• EXERCISE DIRECTIONS:
Would you transcribe the entries below, beginning at the line with "To My Brother" and ending after the line with "Document de brevet", exactly, with no picture and nothing more?

• SUPPLIED DATA:
Segment Open
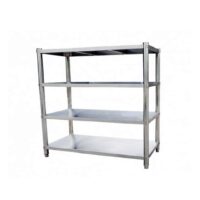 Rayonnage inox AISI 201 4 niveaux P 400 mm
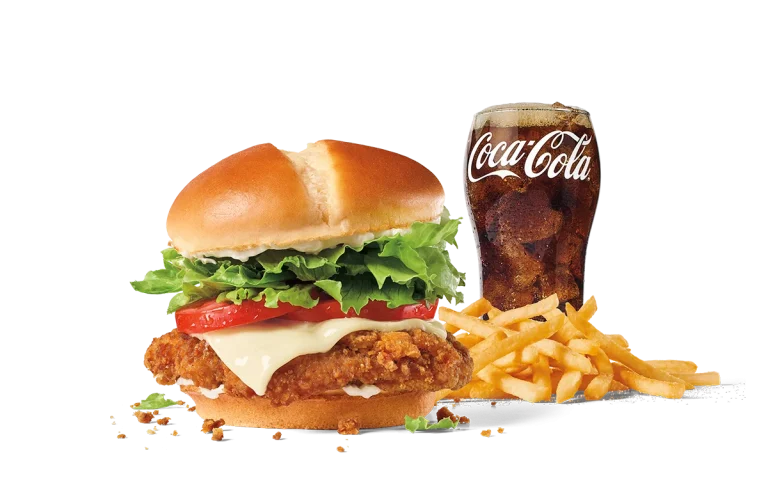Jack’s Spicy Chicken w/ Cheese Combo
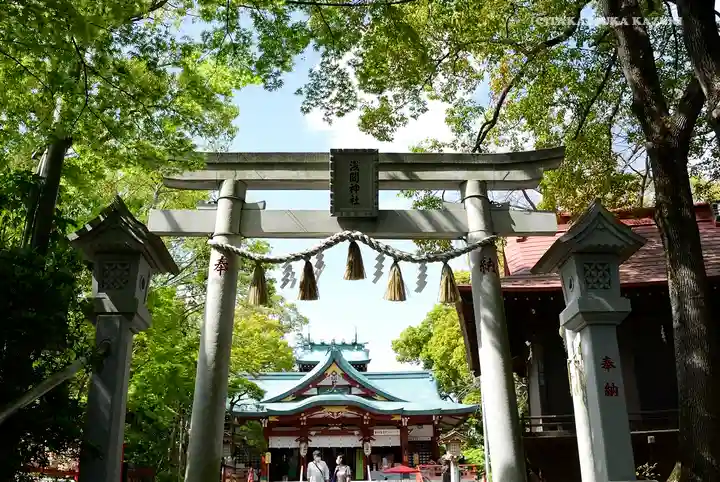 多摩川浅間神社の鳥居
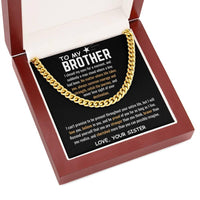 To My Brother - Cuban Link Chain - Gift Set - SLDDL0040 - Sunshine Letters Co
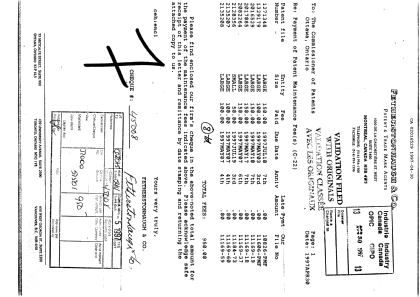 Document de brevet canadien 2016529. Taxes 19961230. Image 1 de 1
Segment Closed
Segment Open
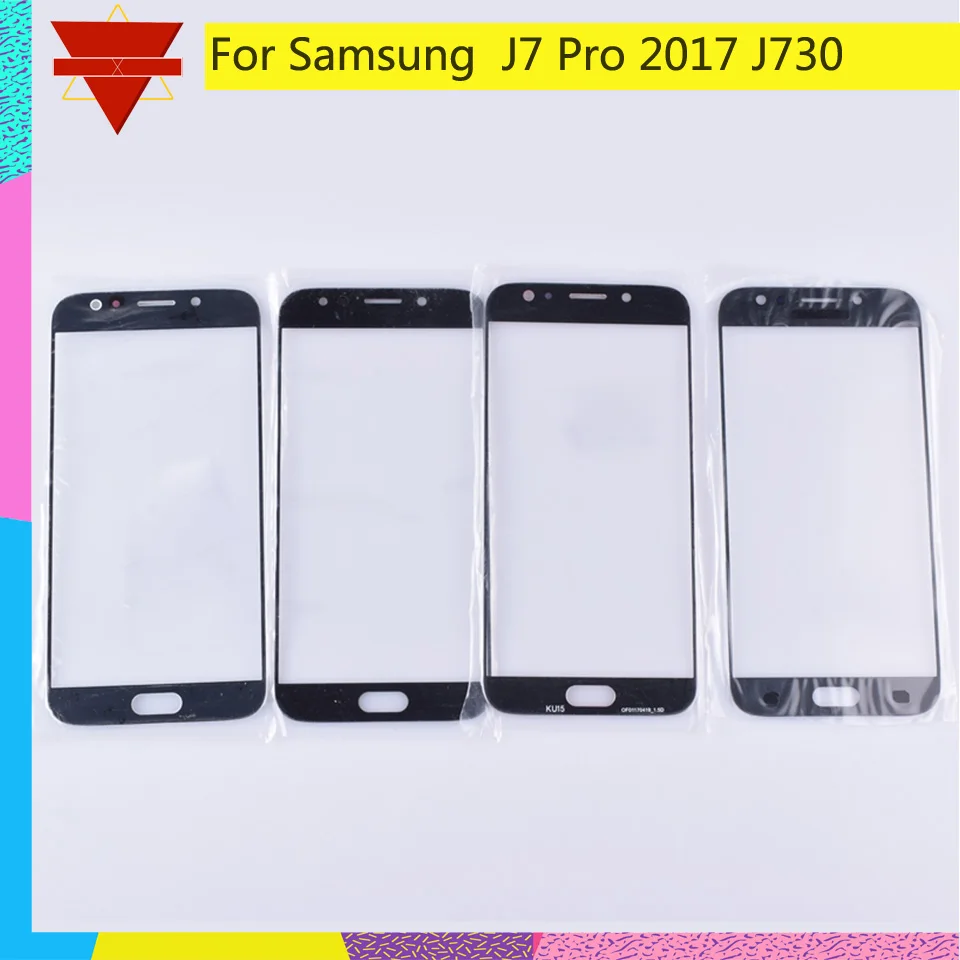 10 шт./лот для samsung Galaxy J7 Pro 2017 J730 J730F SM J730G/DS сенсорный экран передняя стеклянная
Segment Closed
Segment Open
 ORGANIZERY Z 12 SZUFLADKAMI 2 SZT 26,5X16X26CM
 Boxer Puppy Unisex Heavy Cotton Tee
Segment Closed
• EXERCISE SOLUTION:
 To My Brother - Cuban Link Chain - Gift Set - SLDDL0040 - Sunshine Letters Co
 Document de brevet canadien 2016529. Taxes 19961230. Image 1 de 1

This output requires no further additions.